→ Data segment:
______________________________

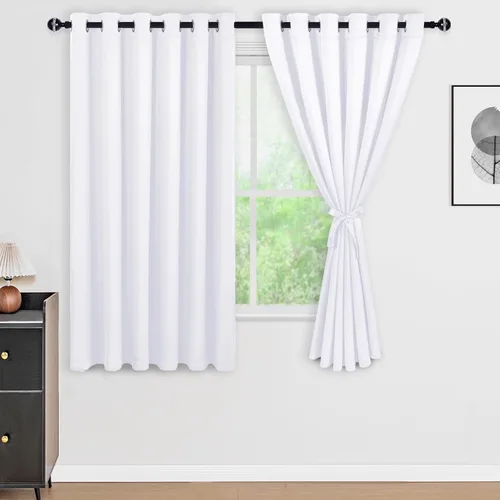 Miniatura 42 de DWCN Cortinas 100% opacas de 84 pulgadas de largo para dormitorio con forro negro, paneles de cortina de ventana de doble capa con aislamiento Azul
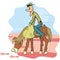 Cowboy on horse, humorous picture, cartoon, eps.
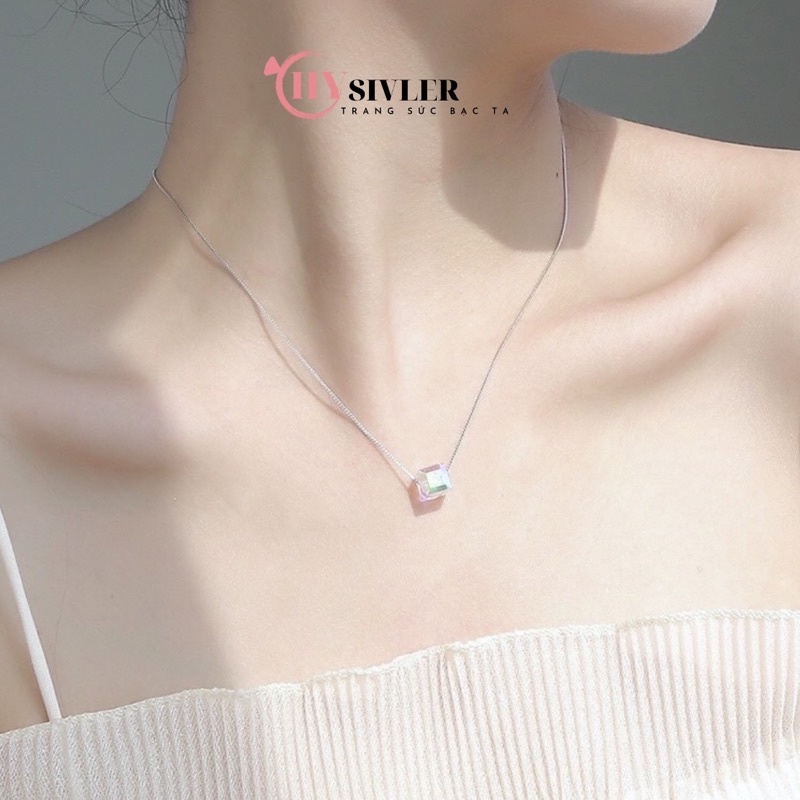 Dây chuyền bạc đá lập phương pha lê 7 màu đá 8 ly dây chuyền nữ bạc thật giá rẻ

______________________________

→ Task requirements: Transcribe the data exactly and leave no picture in the copy.

→ Your response:
 Miniatura 42 de DWCN Cortinas 100% opacas de 84 pulgadas de largo para dormitorio con forro negro, paneles de cortina de ventana de doble capa con aislamiento Azul
 Cowboy on horse, humorous picture, cartoon, eps.
 Dây chuyền bạc đá lập phương pha lê 7 màu đá 8 ly dây chuyền nữ bạc thật giá rẻ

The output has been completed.